Plaintiffs, Stephen P. Kupiec and John E. Cihocki, intend to nominate a member of Republic Federal for the post of Director, at future annual meetings of the association and to solicit votes for that nominee before these meetings. Any effort to nominate and elect a Director would be severely impeded should they be denied an opportunity to copy the names and addresses of members of the association who would be entitled to vote for the office of Director at the meetings.

The New York Court of Appeals, in Ochs v. Washington Heights Federal Savings and Loan Association, supra, stated unequivocably that:

"Without the right to inspect merely the membership list of the association, how can a member in good standing, motivated by the utmost of good intentions, effectively exercise his statutory right to partake in the management of the association, to vote in a most prudent manner, to effectuate his right to have his candidate for a directorship elected by proxy, and to at least apprise his fellow members of circumstances which in his opinion are crucial to their voting prudently and wisely? Without this common-law right his statutory rights under the charter of the association are indeed `idle gestures.'"

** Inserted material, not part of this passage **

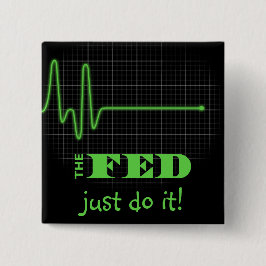 Bóton Quadrado 5.08cm Fim do Fed em linha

Also, in Murphy v. Colonial Federal Savings and Loan Association, supra, Judge Friendly found that, as a practical matter, the question was free from doubt:

"[T]he district court was plainly right in holding that an election of directors in which the opposition is deprived of any reasonable opportunity to ascertain the names and addresses of electors known to the management was unfair under federal law . . ." 388 F.2d at 612.

The defendants have also challenged the jurisdiction of the Court which is invoked under § 1331(a) and § 1337 of Title 28 of the United States Code. Section 1337 provides:

"The district courts shall have original jurisdiction of any civil action or proceeding arising under any Act of Congress regulating commerce or protecting trade and commerce against restraints and monopolies."

However, a number of federal statutes recently have been held to be acts regulating commerce for the purposes of § 1337 jurisdiction. See Federal Consumer Credit Act, Sosa v. Fite, 465 F.2d 1227 (5th Cir. 1972); National Housing Act, Davis v. Romney, 355 F. Supp. 29 (E.D.Pa.1973); Food Stamp Act, Moreno v. United States, 345 F. Supp. 310 (D.D.C.1972); National School Lunch Act, Marquez v. Harden, 339 F. Supp. 1364 (N.D.Cal.1969); Federal Communications Act, Post v. Payton, 323 F. Supp. 799 (E.D.N.Y.1971); and the National Traffic and Motor Vehicle Safety Act, Chrysler Corp. v. Malloy, 294 F. Supp. 524 (D.Vt.1968). In addition, the Second, Eighth and Fifth Circuits have all applied the Murphy precedent in finding § 1337 jurisdiction in suits brought under the National Banking Act. Cupo v. Community National Bank and Trust Company, 438 F.2d 108 (2nd 1971); Burns v. American National Bank, 479 F.2d 26 (8th Cir. 1973); Partain v. First National Bank of Montgomery, 467 F.2d 167 (5th Cir. 1972).

The Court is aware of the potential for abuse in allowing the list to be *1011 copied. Consequently, defendants may move for a limited protective order if the confidential list is used for an improper purpose. But the mere solicitation of a member's vote should be permitted.

Accordingly, it is hereby ordered that plaintiffs' motion for summary judgment is granted and defendants' motion to dismiss the amended complaint is denied.